▶
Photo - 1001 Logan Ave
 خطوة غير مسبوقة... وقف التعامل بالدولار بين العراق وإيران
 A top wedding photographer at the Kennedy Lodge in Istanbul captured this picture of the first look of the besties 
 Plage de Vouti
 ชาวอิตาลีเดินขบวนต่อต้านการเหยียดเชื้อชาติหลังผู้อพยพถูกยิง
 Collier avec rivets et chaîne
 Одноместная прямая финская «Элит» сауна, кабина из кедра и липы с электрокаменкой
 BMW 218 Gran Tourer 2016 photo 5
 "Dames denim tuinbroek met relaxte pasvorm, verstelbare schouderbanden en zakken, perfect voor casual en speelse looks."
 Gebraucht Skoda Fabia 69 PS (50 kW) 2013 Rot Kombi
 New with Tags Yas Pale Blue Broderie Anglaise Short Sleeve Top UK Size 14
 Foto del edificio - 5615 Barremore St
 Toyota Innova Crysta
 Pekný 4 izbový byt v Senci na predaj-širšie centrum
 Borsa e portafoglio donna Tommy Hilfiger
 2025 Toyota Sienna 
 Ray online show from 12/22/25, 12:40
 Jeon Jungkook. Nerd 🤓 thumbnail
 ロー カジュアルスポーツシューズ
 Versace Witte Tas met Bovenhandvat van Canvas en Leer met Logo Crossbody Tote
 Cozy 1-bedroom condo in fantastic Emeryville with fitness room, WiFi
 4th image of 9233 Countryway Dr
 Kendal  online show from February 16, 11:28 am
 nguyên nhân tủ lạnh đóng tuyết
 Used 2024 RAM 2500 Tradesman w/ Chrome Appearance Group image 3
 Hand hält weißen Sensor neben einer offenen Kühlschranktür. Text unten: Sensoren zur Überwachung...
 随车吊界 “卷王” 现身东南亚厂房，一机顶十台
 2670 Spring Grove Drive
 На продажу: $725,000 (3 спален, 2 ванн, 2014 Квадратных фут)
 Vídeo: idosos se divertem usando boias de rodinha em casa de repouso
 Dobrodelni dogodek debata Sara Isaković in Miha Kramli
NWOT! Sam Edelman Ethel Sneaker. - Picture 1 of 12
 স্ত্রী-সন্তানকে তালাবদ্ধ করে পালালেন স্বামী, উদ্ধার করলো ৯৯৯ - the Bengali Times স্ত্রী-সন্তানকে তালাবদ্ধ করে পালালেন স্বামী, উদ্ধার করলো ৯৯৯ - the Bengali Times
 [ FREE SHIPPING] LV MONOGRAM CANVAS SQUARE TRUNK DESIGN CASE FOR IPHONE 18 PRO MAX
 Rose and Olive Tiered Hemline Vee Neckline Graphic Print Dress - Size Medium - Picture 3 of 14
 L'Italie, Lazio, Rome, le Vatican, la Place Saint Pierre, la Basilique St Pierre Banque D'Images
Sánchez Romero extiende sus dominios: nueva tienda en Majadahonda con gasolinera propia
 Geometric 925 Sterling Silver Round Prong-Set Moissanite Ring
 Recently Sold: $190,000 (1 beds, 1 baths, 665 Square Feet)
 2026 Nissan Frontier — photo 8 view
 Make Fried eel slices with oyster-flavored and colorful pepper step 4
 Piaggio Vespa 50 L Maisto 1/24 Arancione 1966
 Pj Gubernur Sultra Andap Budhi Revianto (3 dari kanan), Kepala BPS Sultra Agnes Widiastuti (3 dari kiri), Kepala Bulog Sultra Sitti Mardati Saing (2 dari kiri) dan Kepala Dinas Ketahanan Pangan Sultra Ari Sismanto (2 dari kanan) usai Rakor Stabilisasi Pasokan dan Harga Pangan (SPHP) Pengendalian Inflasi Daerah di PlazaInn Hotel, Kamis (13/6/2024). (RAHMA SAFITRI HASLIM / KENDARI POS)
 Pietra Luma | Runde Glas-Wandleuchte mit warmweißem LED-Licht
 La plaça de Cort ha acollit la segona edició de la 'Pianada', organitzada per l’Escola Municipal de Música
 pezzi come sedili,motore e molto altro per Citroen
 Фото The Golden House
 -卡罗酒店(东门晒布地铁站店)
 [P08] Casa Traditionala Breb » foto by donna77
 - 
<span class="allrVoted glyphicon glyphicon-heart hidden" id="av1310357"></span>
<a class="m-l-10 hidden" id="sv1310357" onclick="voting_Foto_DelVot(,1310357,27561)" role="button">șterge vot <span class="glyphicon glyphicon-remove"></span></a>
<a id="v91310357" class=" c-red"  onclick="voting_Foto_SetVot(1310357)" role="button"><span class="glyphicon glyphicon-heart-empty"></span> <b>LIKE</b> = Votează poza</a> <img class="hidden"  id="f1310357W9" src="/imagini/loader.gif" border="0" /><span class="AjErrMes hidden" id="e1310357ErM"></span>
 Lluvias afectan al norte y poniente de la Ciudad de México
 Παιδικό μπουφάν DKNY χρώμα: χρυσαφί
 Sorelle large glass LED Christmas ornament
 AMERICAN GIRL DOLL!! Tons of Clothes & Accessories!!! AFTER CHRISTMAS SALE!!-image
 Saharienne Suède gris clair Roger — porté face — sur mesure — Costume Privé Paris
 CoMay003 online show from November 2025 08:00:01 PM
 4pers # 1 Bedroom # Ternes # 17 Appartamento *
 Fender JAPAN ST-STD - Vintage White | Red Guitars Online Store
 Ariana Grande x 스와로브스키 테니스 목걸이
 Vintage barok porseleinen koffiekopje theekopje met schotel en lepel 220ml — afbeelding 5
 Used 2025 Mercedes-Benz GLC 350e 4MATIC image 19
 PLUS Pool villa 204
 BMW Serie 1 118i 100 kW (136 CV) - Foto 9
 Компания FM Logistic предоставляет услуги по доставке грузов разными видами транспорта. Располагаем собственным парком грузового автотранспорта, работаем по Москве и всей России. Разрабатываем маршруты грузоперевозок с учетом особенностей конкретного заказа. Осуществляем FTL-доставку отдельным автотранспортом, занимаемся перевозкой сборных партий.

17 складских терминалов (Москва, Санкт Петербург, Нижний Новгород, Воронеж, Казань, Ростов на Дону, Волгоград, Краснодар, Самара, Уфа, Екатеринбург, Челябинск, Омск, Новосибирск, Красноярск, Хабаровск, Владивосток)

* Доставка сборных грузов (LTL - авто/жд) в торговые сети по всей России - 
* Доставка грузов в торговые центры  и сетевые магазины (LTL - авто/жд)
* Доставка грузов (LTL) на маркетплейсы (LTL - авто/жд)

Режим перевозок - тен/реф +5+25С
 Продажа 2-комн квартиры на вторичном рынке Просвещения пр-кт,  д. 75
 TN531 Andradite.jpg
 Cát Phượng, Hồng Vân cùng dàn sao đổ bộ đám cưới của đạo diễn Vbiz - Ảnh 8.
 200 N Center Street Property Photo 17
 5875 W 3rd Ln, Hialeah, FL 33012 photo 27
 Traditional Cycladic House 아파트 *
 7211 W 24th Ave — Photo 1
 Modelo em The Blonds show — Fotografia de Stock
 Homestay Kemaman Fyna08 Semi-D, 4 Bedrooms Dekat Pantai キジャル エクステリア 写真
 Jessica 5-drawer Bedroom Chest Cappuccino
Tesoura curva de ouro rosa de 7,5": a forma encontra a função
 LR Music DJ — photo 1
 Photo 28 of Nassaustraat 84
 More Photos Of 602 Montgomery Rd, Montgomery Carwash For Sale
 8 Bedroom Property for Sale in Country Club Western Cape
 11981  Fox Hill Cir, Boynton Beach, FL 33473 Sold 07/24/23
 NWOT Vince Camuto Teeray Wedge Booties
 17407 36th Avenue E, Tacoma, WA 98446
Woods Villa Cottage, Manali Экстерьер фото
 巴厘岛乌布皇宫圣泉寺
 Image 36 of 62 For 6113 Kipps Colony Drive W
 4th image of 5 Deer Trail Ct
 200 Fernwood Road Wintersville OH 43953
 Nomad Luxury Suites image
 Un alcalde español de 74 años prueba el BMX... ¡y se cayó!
◀
→ Exercise brief: Your task is to output all of the data above word for word.

→ Answer to the exercise:
Photo - 1001 Logan Ave
 خطوة غير مسبوقة... وقف التعامل بالدولار بين العراق وإيران
 A top wedding photographer at the Kennedy Lodge in Istanbul captured this picture of the first look of the besties 
 Plage de Vouti
 ชาวอิตาลีเดินขบวนต่อต้านการเหยียดเชื้อชาติหลังผู้อพยพถูกยิง
 Collier avec rivets et chaîne
 Одноместная прямая финская «Элит» сауна, кабина из кедра и липы с электрокаменкой
 BMW 218 Gran Tourer 2016 photo 5
 "Dames denim tuinbroek met relaxte pasvorm, verstelbare schouderbanden en zakken, perfect voor casual en speelse looks."
 Gebraucht Skoda Fabia 69 PS (50 kW) 2013 Rot Kombi
 New with Tags Yas Pale Blue Broderie Anglaise Short Sleeve Top UK Size 14
 Foto del edificio - 5615 Barremore St
 Toyota Innova Crysta
 Pekný 4 izbový byt v Senci na predaj-širšie centrum
 Borsa e portafoglio donna Tommy Hilfiger
 2025 Toyota Sienna 
 Ray online show from 12/22/25, 12:40
 Jeon Jungkook. Nerd 🤓 thumbnail
 ロー カジュアルスポーツシューズ
 Versace Witte Tas met Bovenhandvat van Canvas en Leer met Logo Crossbody Tote
 Cozy 1-bedroom condo in fantastic Emeryville with fitness room, WiFi
 4th image of 9233 Countryway Dr
 Kendal  online show from February 16, 11:28 am
 nguyên nhân tủ lạnh đóng tuyết
 Used 2024 RAM 2500 Tradesman w/ Chrome Appearance Group image 3
 Hand hält weißen Sensor neben einer offenen Kühlschranktür. Text unten: Sensoren zur Überwachung...
 随车吊界 “卷王” 现身东南亚厂房，一机顶十台
 2670 Spring Grove Drive
 На продажу: $725,000 (3 спален, 2 ванн, 2014 Квадратных фут)
 Vídeo: idosos se divertem usando boias de rodinha em casa de repouso
 Dobrodelni dogodek debata Sara Isaković in Miha Kramli
NWOT! Sam Edelman Ethel Sneaker. - Picture 1 of 12
 স্ত্রী-সন্তানকে তালাবদ্ধ করে পালালেন স্বামী, উদ্ধার করলো ৯৯৯ - the Bengali Times স্ত্রী-সন্তানকে তালাবদ্ধ করে পালালেন স্বামী, উদ্ধার করলো ৯৯৯ - the Bengali Times
 [ FREE SHIPPING] LV MONOGRAM CANVAS SQUARE TRUNK DESIGN CASE FOR IPHONE 18 PRO MAX
 Rose and Olive Tiered Hemline Vee Neckline Graphic Print Dress - Size Medium - Picture 3 of 14
 L'Italie, Lazio, Rome, le Vatican, la Place Saint Pierre, la Basilique St Pierre Banque D'Images
Sánchez Romero extiende sus dominios: nueva tienda en Majadahonda con gasolinera propia
 Geometric 925 Sterling Silver Round Prong-Set Moissanite Ring
 Recently Sold: $190,000 (1 beds, 1 baths, 665 Square Feet)
 2026 Nissan Frontier — photo 8 view
 Make Fried eel slices with oyster-flavored and colorful pepper step 4
 Piaggio Vespa 50 L Maisto 1/24 Arancione 1966
 Pj Gubernur Sultra Andap Budhi Revianto (3 dari kanan), Kepala BPS Sultra Agnes Widiastuti (3 dari kiri), Kepala Bulog Sultra Sitti Mardati Saing (2 dari kiri) dan Kepala Dinas Ketahanan Pangan Sultra Ari Sismanto (2 dari kanan) usai Rakor Stabilisasi Pasokan dan Harga Pangan (SPHP) Pengendalian Inflasi Daerah di PlazaInn Hotel, Kamis (13/6/2024). (RAHMA SAFITRI HASLIM / KENDARI POS)
 Pietra Luma | Runde Glas-Wandleuchte mit warmweißem LED-Licht
 La plaça de Cort ha acollit la segona edició de la 'Pianada', organitzada per l’Escola Municipal de Música
 pezzi come sedili,motore e molto altro per Citroen
 Фото The Golden House
 -卡罗酒店(东门晒布地铁站店)
 [P08] Casa Traditionala Breb » foto by donna77
 - 
<span class="allrVoted glyphicon glyphicon-heart hidden" id="av1310357"></span>
<a class="m-l-10 hidden" id="sv1310357" onclick="voting_Foto_DelVot(,1310357,27561)" role="button">șterge vot <span class="glyphicon glyphicon-remove"></span></a>
<a id="v91310357" class=" c-red"  onclick="voting_Foto_SetVot(1310357)" role="button"><span class="glyphicon glyphicon-heart-empty"></span> <b>LIKE</b> = Votează poza</a> <img class="hidden"  id="f1310357W9" src="/imagini/loader.gif" border="0" /><span class="AjErrMes hidden" id="e1310357ErM"></span>
 Lluvias afectan al norte y poniente de la Ciudad de México
 Παιδικό μπουφάν DKNY χρώμα: χρυσαφί
 Sorelle large glass LED Christmas ornament
 AMERICAN GIRL DOLL!! Tons of Clothes & Accessories!!! AFTER CHRISTMAS SALE!!-image
 Saharienne Suède gris clair Roger — porté face — sur mesure — Costume Privé Paris
 CoMay003 online show from November 2025 08:00:01 PM
 4pers # 1 Bedroom # Ternes # 17 Appartamento *
 Fender JAPAN ST-STD - Vintage White | Red Guitars Online Store
 Ariana Grande x 스와로브스키 테니스 목걸이
 Vintage barok porseleinen koffiekopje theekopje met schotel en lepel 220ml — afbeelding 5
 Used 2025 Mercedes-Benz GLC 350e 4MATIC image 19
 PLUS Pool villa 204
 BMW Serie 1 118i 100 kW (136 CV) - Foto 9
 Компания FM Logistic предоставляет услуги по доставке грузов разными видами транспорта. Располагаем собственным парком грузового автотранспорта, работаем по Москве и всей России. Разрабатываем маршруты грузоперевозок с учетом особенностей конкретного заказа. Осуществляем FTL-доставку отдельным автотранспортом, занимаемся перевозкой сборных партий.

17 складских терминалов (Москва, Санкт Петербург, Нижний Новгород, Воронеж, Казань, Ростов на Дону, Волгоград, Краснодар, Самара, Уфа, Екатеринбург, Челябинск, Омск, Новосибирск, Красноярск, Хабаровск, Владивосток)

* Доставка сборных грузов (LTL - авто/жд) в торговые сети по всей России - 
* Доставка грузов в торговые центры  и сетевые магазины (LTL - авто/жд)
* Доставка грузов (LTL) на маркетплейсы (LTL - авто/жд)

Режим перевозок - тен/реф +5+25С
 Продажа 2-комн квартиры на вторичном рынке Просвещения пр-кт,  д. 75
 TN531 Andradite.jpg
 Cát Phượng, Hồng Vân cùng dàn sao đổ bộ đám cưới của đạo diễn Vbiz - Ảnh 8.
 200 N Center Street Property Photo 17
 5875 W 3rd Ln, Hialeah, FL 33012 photo 27
 Traditional Cycladic House 아파트 *
 7211 W 24th Ave — Photo 1
 Modelo em The Blonds show — Fotografia de Stock
 Homestay Kemaman Fyna08 Semi-D, 4 Bedrooms Dekat Pantai キジャル エクステリア 写真
 Jessica 5-drawer Bedroom Chest Cappuccino
Tesoura curva de ouro rosa de 7,5": a forma encontra a função
 LR Music DJ — photo 1
 Photo 28 of Nassaustraat 84
 More Photos Of 602 Montgomery Rd, Montgomery Carwash For Sale
 8 Bedroom Property for Sale in Country Club Western Cape
 11981  Fox Hill Cir, Boynton Beach, FL 33473 Sold 07/24/23
 NWOT Vince Camuto Teeray Wedge Booties
 17407 36th Avenue E, Tacoma, WA 98446
Woods Villa Cottage, Manali Экстерьер фото
 巴厘岛乌布皇宫圣泉寺
 Image 36 of 62 For 6113 Kipps Colony Drive W
 4th image of 5 Deer Trail Ct
 200 Fernwood Road Wintersville OH 43953
 Nomad Luxury Suites image
 Un alcalde español de 74 años prueba el BMX... ¡y se cayó!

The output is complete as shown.